Avant Brunch is a one-time, specially curated experience which blends art, music and culinary delights in a unique location. The formula is to have a four course meal prepared by a leading Indianapolis Chef and not available in their restaurant paired with listening to a yet-to-be-released record, usually from the test pressing. The event is then hosted in a unique venue on the campus of the museum from the stage of the theater to a gallery, depending on the vibe of the record. Lastly the audience is instructed to remain silent through first listen of the record and savor the food.

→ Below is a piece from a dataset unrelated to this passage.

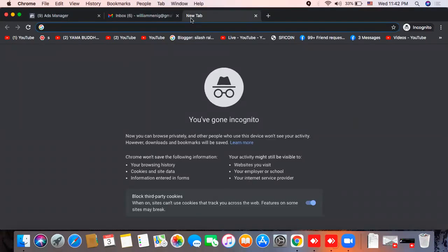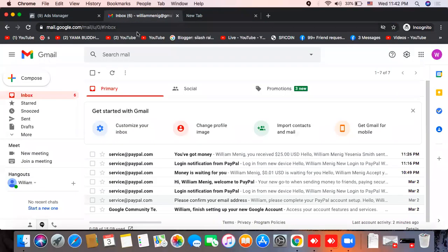We have to learn our life. We have to learn how to change our password on the internet, on Google's Gmail security. It is the most important thing.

Finally this brings us to the collaboration with Liquid Music. As I sat down to write this piece I laughed at the reality that I needed to move six hundred miles away to create this collaboration. I have long admired Kate Nordstrum and the amazing work she has supported, curated and created. Even with my close ties to the Walker, we never had the opportunity to directly collaborate. This is where Michael Kaufmann creates (yet again) another connection. Michael, Kate and I were having some initial conversations about nurturing synergy between performing arts venues and curators in the Midwest to support the creation and presentation of new work. From these early conversations the possibility of the IMA joining with Liquid Music, Mass MOCA and the Baryshnikov Arts Center in commission a piece by Daniel Wohl emerged. The IMA is honored to be included in the project, not only to help realize a new work by one by a rising star, but to bring this work to Indianapolis. Presenting new, experimental, multi-displinary work, such as Daniel Wohl is exactly what we are trying to do with ARTx and the our programming at the IMA. There is a buzz in Indianapolis anticipating this performance. We can wait and hope this is just the beginning of many collaboration in the future.